The program also suffered a blow in 2023 after a separate round of one-time funding approved in 2021 came to end, bringing the program’s cap from $11.4 to its current cap of about $6.65 million.
The instability of the program has been felt at Las Vegas-area Catholic schools. Thompson said enrollment declines driven in part by students who lost scholarship funds were a significant reason for the closures of two of the archdiocese’s schools, St. Christopher in 2022 and St. Anne last year.
“So the implications were quite serious with students losing their scholarships,” Thompson said.
Thompson said she is anxious to see if the new federal tax credit will be able to help more Nevada students than the existing state program is able to in its current form.

How the federal program works
Like the state’s current program, the new federal program relies on donations to fund the scholarships.
Under Trump’s major bill, individuals can receive a dollar-for-dollar tax credit for donations of up to $1,700 to state-approved scholarship granting organizations in participating states. Businesses would not be able to donate. The bill has no cap on the total amount of donations or end date.
Though the scholarships aren’t directly funded through public money, according to Congress' nonpartisan Joint Committee on Taxation, the new tax break is estimated to cost the federal government $3 billion to $4 billion per year.
The scholarships will be open to students from households earning no more than 300 percent of their area’s median gross income who are eligible to attend a public elementary or secondary school.
In Clark County, that would equal to no more than $284,700, but no more than $192,300 in Mineral County, the county with the lowest median income in the state, according to 2025 data from the U.S. Department of Housing and Urban Development.

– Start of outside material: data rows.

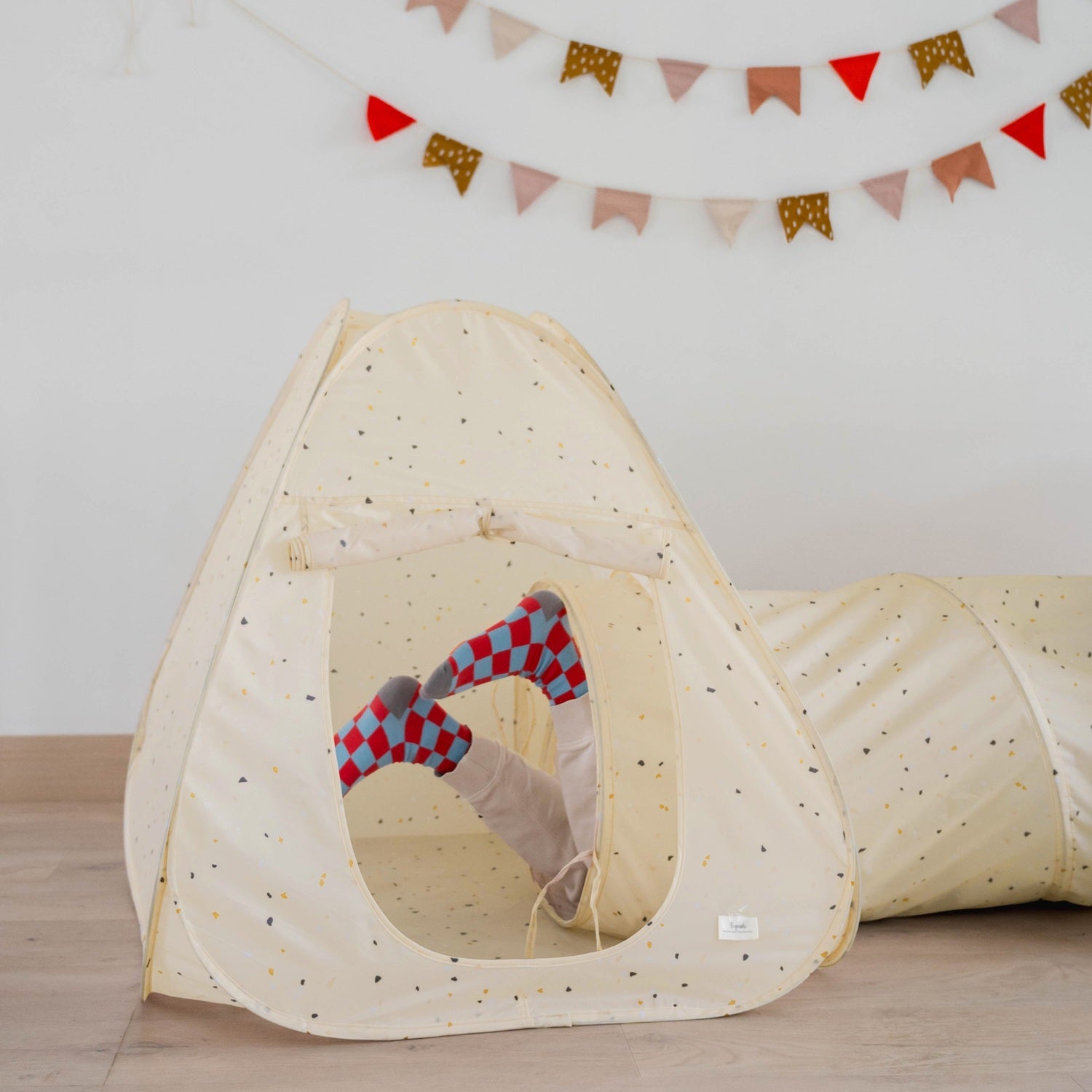 3-sprouts-ensemble-tente-et-tunnel-de-jeu-3-en-1-terrazzo-beige-recycl image 3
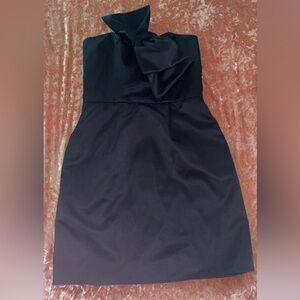 Elegant Black Dress - Mini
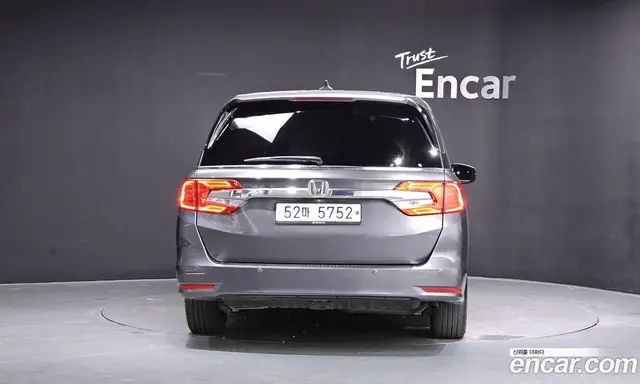 Honda Odyssey 2017 3.5 автомат (гидро), миниатюра 4 Honda Odyssey 2017 3.5 автомат (гидро), миниатюра 4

“The goal here is to get everyone to have eligibility, regardless of their wealth,” said Robert Enlow, president and CEO of EdChoice, a national school choice advocacy organization.
Although the full details of how this program will work are not yet finalized, advocates expect that new scholarships can be stacked on top of the existing state school choice programs.
Gurr said that’s particularly beneficial in Nevada because there’s a ceiling on the maximum total scholarship amount a student can receive even if they apply to multiple SGOs. In 2025, that amount was about $10,000. The average private school tuition in Nevada is about $12,000 per year, according to Private School Review.
In 2023, the average scholarship amount among the three largest SGOs ranged from about $4,000 to a little more than $6,000, according to the latest program report.
And unlike the Opportunity Scholarship, the scholarships raised with the federal tax credit won’t be limited to current and aspiring private school students. The scholarships will also be open for students at traditional public and charter schools and can be used for educational expenses such as tuition and fees, curriculum materials, tutoring, services for students with special needs, books, supplies, computers and transportation.
Educate Nevada Now has opposed school voucher programs and criticized the Trump administration for approving the tax credit program while freezing billions of dollars in grant funding for K-12 school meant for English language learner services, adult literacy, teacher professional development and more (the funding was later reinstated).
“State voucher programs have resulted in rampant fraud and abuse, poor academic outcomes for students, and chronically strained state budgets,” said Educate Nevada Now Executive Director Amanda Morgan in a July 21 statement. “These issues will only be heightened given the extreme lack of oversight and limits within the federal program.”
For Gurr, the federal tax credit can’t come soon enough.
“Families only have one chance at a quality education, so a lot of families are very desperate for this to start,” she said.